Deaf School : What a Way to End It All
--Steve Allan, Deaf School
In 1976 Liverpool's Deaf School released its debut album 2nd Honeymoon. Glam pop meets cabaret on this album full of catchy ditties, one of the first I ever taped. It's really quite remarkable that a kid in Sparks, Nevada would wind up listening to such a strange, quirky, eccentric record by a UK band. But it wasn't such a big risk to borrow a record from a library.
And what a record!
They may not sound like it, but Deaf School revived the Liverpool scene, pacing the way for Echo and the Bunnymen, the Teardrop Explodes, Wah! and a host of 1980 acts including Frankie Goes to Hollywood.
The original band was open to anyone who wanted to join them on stage. Up to 13 people played on the stages of empty Liverpool clubs. Eventually the band found its sound: Roxy Music and David Bowie meets Cinema Noir.

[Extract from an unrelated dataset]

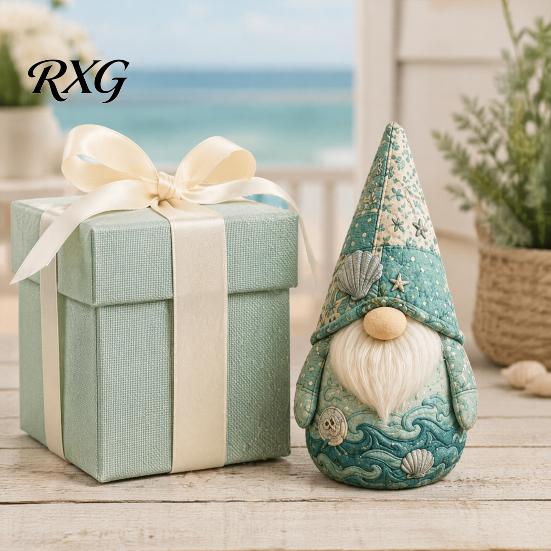 Sewing Kit for Adults DIY Gnome Patchwork Kit, Craft Set, Cute Relaxing Activity Fabric And Beginners, Handmade Gift Pre-cut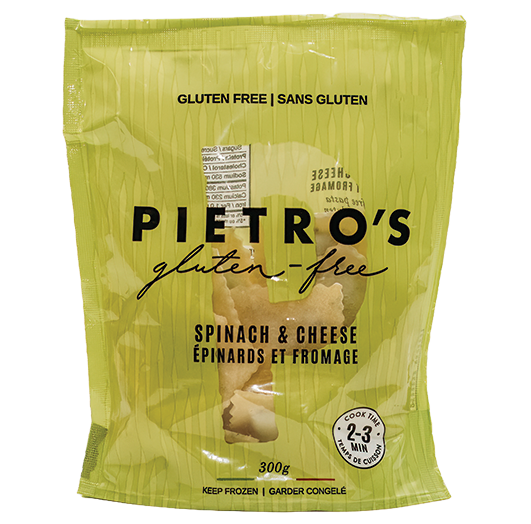 Pietro's Spinach & Cheese Ravioli – Gluten-Free Italian Pasta (300g)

Steve Allan, a vocalist whose stage name was Enrico Cadillac, tells The Guardian what happened next:
"We were soon packing houses in Liverpool, but not getting out of the city. Then the bass player, Steve Lindsay, mentioned an early 70s leftover called the Melody Maker rock and folk contest. We won the bloody thing and were suddenly a big deal. We signed to Warners because their A and R guy, Derek Taylor, had been the Beatles publicist and when he saw us rehearsing in Mathew Street, he cried his eyes out."
2nd Honeymoon charted in the UK but the punk revolution swept them away. And yet, the band still plays together every so often, performing in front of crowds the seem to know every word. To my surprise, I would be one of those.